According to the Office for National Statistics the Muslim population of the UK is 1.91 millions in the year 2001. Most of the Muslims are from Pakistan, Bangladesh and Middle-East Arab ethnic origin. Due to the Islamic faith and for the ethical reason people tend to divert to Islamic finance. To buy a home and for commercial properties some banks are lending money through Islamic Mortgage.
Islamic Banks In The UK
There are five fully Sharia compliant banks have been established in the UK in the last few years and around 17 conventional banks have been set up windows to provide Islamic financial services in the UK. The Islamic Bank of Britain (IBB) is the first established in the year 2004 to operate retail Islamic banking in the region. Although it has struggled in the current financial environment like many conventional banks, since the start of 2008 it has increased its number of accounts by 9 per cent to 74,000 (Oakley, 2009). Since 2008 Islamic Bank of Britain were providing the commercial mortgage only and from 2008 they started to finance the Mortgage with the name Home Purchase Plan to the Muslim and non-Muslim customers (www.islamic-bank.com). European Islamic Investment Bank (EIIB) listed in the year 2006 and offering Sharia'a compliant investment banking activities like Islamic Treasury and Capital Markets, Structured Trade Finance, Private Equityand Corporate Advisory, Sharia'a Advisory and Asset Management (www.eiib.co.uk). In the year 2007 The Bank of London and The Middle East (BLME) received FSA authorisation and provided innovative Sharia'a compliant funding to diverse client based in the UK, US and Europe. BLME is one of the best capitalised Islamic Bank in the UK, maintains a high level of liquidity that allows the bank to offer flexible and competitive finance solutions in what in recent times has become a less liquid market (www.blme.com). European Finance House, a unit of Qatar Islamic Bank received banking license in 2008 and offers the customers different types of Islamic financial products for Asset Management, Corporate & Institutional Finance and Real Estate. For Corporate & Institutional Finance EFH is offering wide range of services like Shari'a compliant debt financing, Capital Markets, including Sukuk issuance, Treasury, International Trade Finance, Private Equity and Mergers and Acquisitions. Similarly for Real Estate EFH is also offering Real Estate investment and development advisory services, including site identification, investment analysis, acquisition, due diligence, structuring and execution; Real Estate investment and development project monitoring and general real estate asset management; Musharaka-based Real Estate financing and Development and marketing of real estate funds (www.europeanfh.com).

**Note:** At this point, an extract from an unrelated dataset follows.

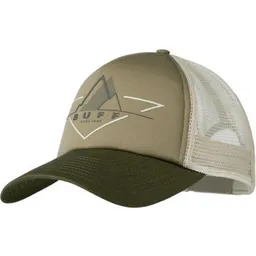 Îmbrăcăminte sport Buff Chipiu TRUCKER BRAK KHAKI L/XL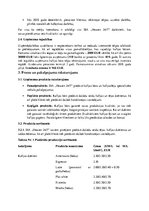 Biznesa plāns 'Kafijas bārs', 3.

In same year 2008 Gatehouse Bank started wholesale investment banking in the city of London. This bank is providing services in the areas of Capital Markets and Syndicated Financing, Institutional Wealth Management,Real Estate, Placement, Shariah Advisory Services and Treasury Products (www.gatehousebank.com)

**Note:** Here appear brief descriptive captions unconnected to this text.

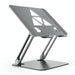 Aluminum Laptop Tablet Stand Foldable Elevated Cooling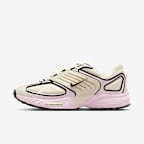 Pale Ivory/Pink Foam/Black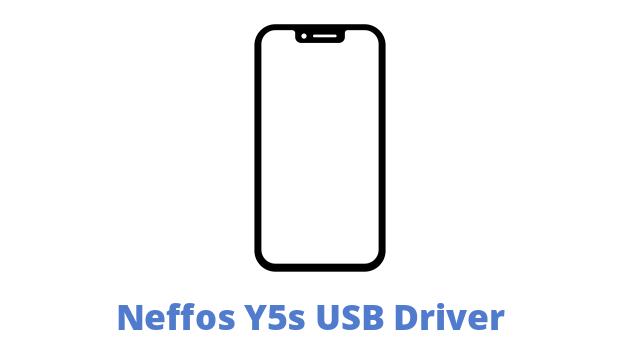 Neffos Y5s USB Driver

Assets Of Islamic Banks In The UK
Source: The Banker, IFSL
With these five Sharia complaint banks (as stated in the table 4.2) there are around 17 conventional banks in the UK offering Islamic financial services by setting up windows. These include HSBC Amanah, UBS, Alburaq (ABC International Bank), Lloyds Banking Group, Royal Bank of Scotland, United National Bank and Barclays Bank. HSBC Amanah is the first and only conventional bank with the Islamic window Amanah reported in the Banker's survey as its assets of $16.53 bn that is 85% of the UK's identified assets, rose up more than a half from the previous year. Other banks BLME, EIIB and IBB are also growing substantially with comparison with their previous year's performance (www.ifsl.org.uk).
Global Assets Of Islamic Finance
The Global market for Islamic finance is estimated to have reached $951bn at the end of the year 2008 that is 25% up from $758bn in the year 2007. The total of Islamic commercial banks is ranking on the top for 74% of the total Islamic assets, Investment banks are 11% and Islamic Sukuk issues are 11% of the global Islamic assets. The total growth continues as some new companies started their business in the year (www.ifsl.org.uk).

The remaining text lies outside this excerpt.